The consultation asks all interested stakeholders for their views on what the future measures should look like. The measures proposed are sweeping, aimed at widening the scope of participants and products caught by clearing obligations, limiting the use of third-country CCPs, improving the competitiveness of EU CCPs, and giving EU-level supervision a stronger role. The most significant of these measures for clearing participants and their clients are:
- Limiting the use of systemically important third-country CCPs (Tier 2 CCPs)—To reduce the importance of Tier 2 CCPs, the EC proposes measures including a higher risk weight for excessive exposures to Tier 2 CCPs, setting exposure reduction targets, or requiring EU participants to fulfil the clearing obligation only at EU CCPs or non-systemically important third-country CCPs.
- Broadening the product scope of the clearing obligation—To broaden the range of clearing services of EU CCPs, the EC proposes extending to the clearing obligation to existing and additional products.
- Modifying the scope of the clearing framework—In relation to the clearing obligation, the EC proposes introducing incentives (regulatory and otherwise) to encourage more clearing by private entities that do not access CCPs directly, noting that firms such as insurance companies and investment funds access the services of CCPs through a clearing member.
- Empowering EU-level supervision—Supervision of EU CCPs’ compliance with EMIR currently sits with national regulators, to better address risks from increased cross-border clearing, simplify procedures, and remove uncertainties, the EC proposes a stronger role for EU-level supervision, which could involve the allocation of responsibility to a single EU regulator.

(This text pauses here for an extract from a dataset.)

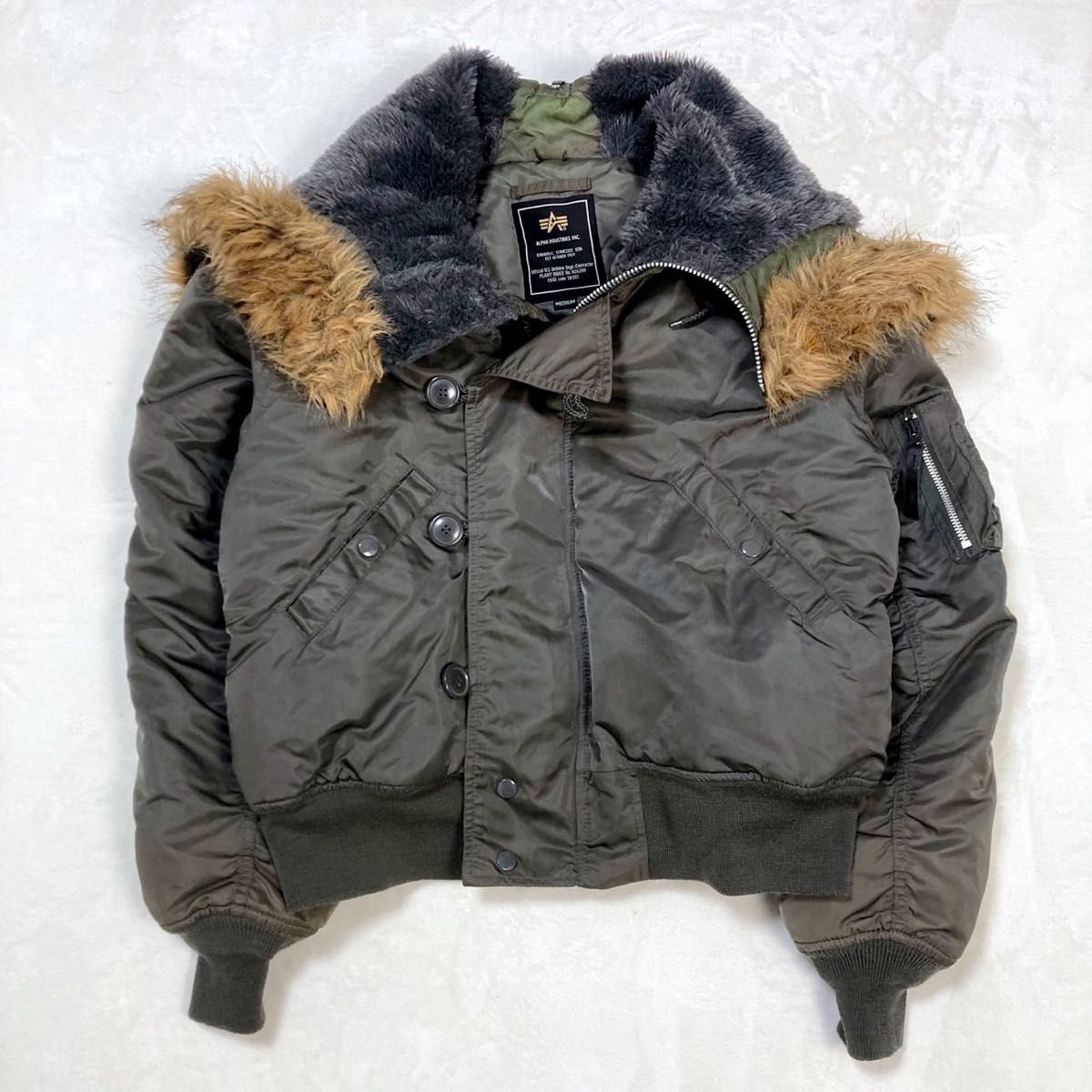 ALPHA INDUSTRIES アルファ N-2B フライトジャケット ミリタリー 短丈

Reducing over-reliance on third-country CCPs is clearly a priority for the European Commission as it set a tight deadline of 22 March for responses to the consultation and indicated that it plans to adopt any legislative proposals as soon as Q3 2022.
IETA to map out credibility of digital climate markets as crypto moves mainstream
The International Emissions Trading Association (IETA) has announced the formation of a Task Group to examine trends in digital carbon markets and make recommendations for principles of best practice in the development and use of digital markets and assets for market operators and service providers. The Task Group has been formed in response to the emergence of a wide range of digital assets that have begun trading in voluntary markets and demand from the industry for high integrity principles and practices.
The Task Group will focus its review on the potential of digital tools in monitoring, reporting and verification and providing highly secure, transparent and globally accessible registry infrastructure. It will also focus on digital innovations in asset formation, such as issuing carbon credits in the form of digital credits or native tokens secured on a public blockchain.
From its review, the Task Group will develop a set of recommendations aimed at ensuring broad public and market confidence and high environmental integrity to support the goals of the Paris Agreement. In formulating its recommendations, it will consider:
- the opportunities for digital tools and assets to improve market efficiency and broaden market access to new and developing parties;
- consumer and other risks addressed by digital offerings in providing new market services;
- how digital offerings in the carbon market relate to the international carbon markets envisaged in the Paris Agreement and, more broadly, help deliver the goals it sets out; and
- what market integrity principles and regulatory recommendations should be proposed for digital market participants and service providers.
The consultations of the Task Group are ongoing and it will present its findings and recommendations at a public webinar. The public webinar has been delayed and so interested market participants and service providers should monitor the IETA’s website for further announcements.